Also, how digital assistants bring technology closer to our level and new concerns about hardware hacks.

Editor’s note: Elsewhere is a column that highlights ideas from other media platforms we believe are worth your attention.

In the 20th century, it became cheaper for companies in developed countries to employ workers full time than it was for them to find the right people “on demand” for each task that needed doing. But the so-called gig economy has changed that. Today, there are people out there ready and willing to do almost any task: drive you to appointments, bring you a take-out meal, assemble your new Ikea sofa, even clear spiders out of your house. So both individual customers and hiring organizations have just-in-time options aplenty.

As a recent article in The Economist notes, the gig economy is growing, even though many of the jobs may not pay very well. Many workers value the flexibility and income that gig work provides; customers like being able to find people to do things they want done. Still, the extent to which gig workers, typically self-employed individuals, should be afforded the legal rights of employees has yet to be fully resolved in many jurisdictions. Tribunals and courts in England and California have recently ruled in favor of giving gig workers some protections (such as a minimum wage), but decisions in Italy and Australia have gone the other way. “The battle over the gig economy has a long way to run,” The Economist notes, and the outcome of that battle could have implications for both innovation and jobs.

The Distinct Charm of Voice

The number of “smart” speakers connected to the internet and capable of looking up information and performing various tasks is on track to reach an estimated 100 million by the end of 2018. Some analysts expect the number of digital assistants to grow more than 75-fold in the coming years as tech giants like Amazon and Google look for ways to extend voice activation into new areas.

As writer Judith Shulevitz points out in The Atlantic, pursuing voice is a way for the big companies to “colonize space” — to pull appliance and device makers, app developers, and consumers into their ecosystems of products and services. But it’s more than that, too. Amazon’s Alexa, for example, doesn’t simply help people do things they already do (albeit in a different way, “replacing fingers and eyes with mouths and ears”). It also brings technology “closer to our own level” through the highly personal act of conversation, Shulevitz suggests.

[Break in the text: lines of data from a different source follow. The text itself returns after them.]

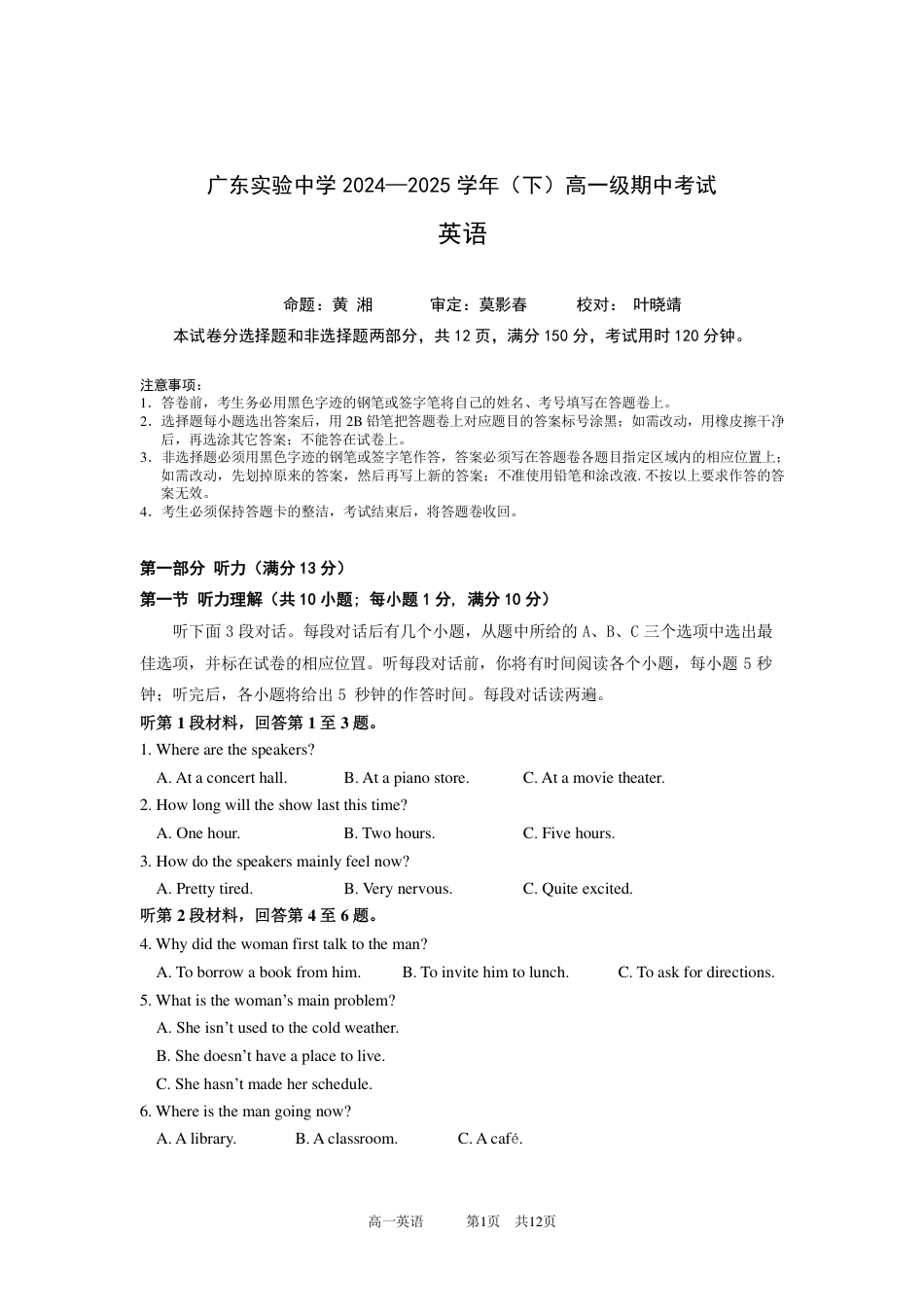 (4.24试题)广东实验中学2024—2025学年（下）高一级英语期中考试(3).pdf_第1页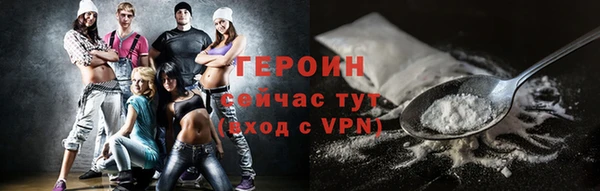 меф Бронницы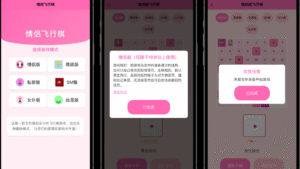 情侣飞行棋游戏h5源码uniapp-源码软件库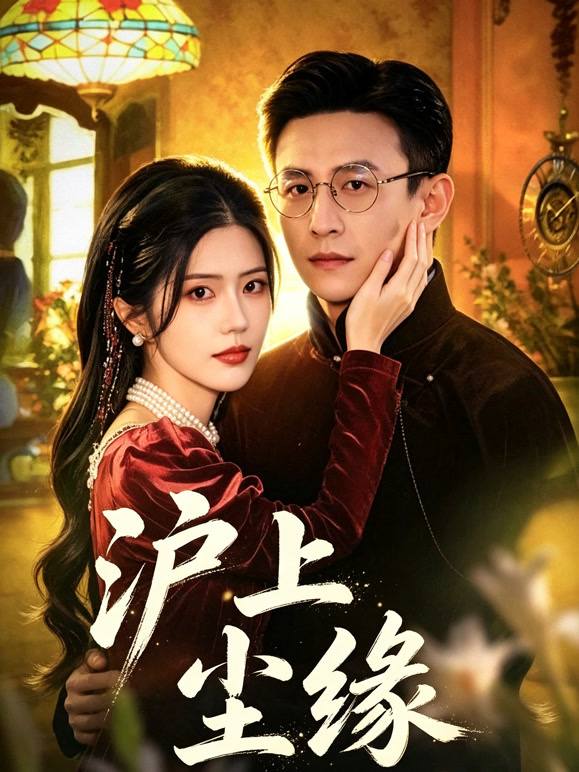 沪上尘缘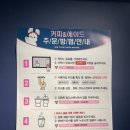 각자미식커피 이미지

The article looks at some of the new research academics and corporate R&D labs are conducting on human speech and the nonverbal aspects of communication. It also explores the question of whether computers will eventually be able to develop something resembling empathy. Today’s smart devices aren’t really hearing us yet. They are “as likely to botch your request as they are to fulfill it,” Shulevitz writes. But over time they will get better.

Frightening if True

We have become all too accustomed to software-based hacks and large-scale data thefts — despite increasing efforts by companies to protect themselves. Fortunately, hardware hacks are exceedingly rare. While the potential for damage is staggering, they are much harder to carry out.

So when Bloomberg Businessweek reported in October that Chinese military operatives had somehow planted tiny spy-chips on China-built servers purchased by Apple, Amazon, and more than two dozen other organizations, the shock waves could be felt from Silicon Valley to the Pentagon and the CIA. The article claims that rogue, rice-sized microchips were attached to server motherboards supplied by Supermicro, based in San Jose, California. Once those tiny chips were in place, attackers could gain access to any network that used the compromised servers.

Reporters Jordan Robertson and Michael Riley say the story was based on information provided by 17 unnamed sources, including high-level people at Apple and U.S. security agencies. But basic details have been strongly disputed by Apple, Amazon, the U.S. Department of Homeland Security, and the U.S. director of national intelligence, and other news organizations have not been able to confirm the information. Both Apple and Amazon Web Services have asked Bloomberg for a retraction. In the face of these challenges, Washington Post media critic Erik Wemple reports that Bloomberg has committed additional resources to investigating the story.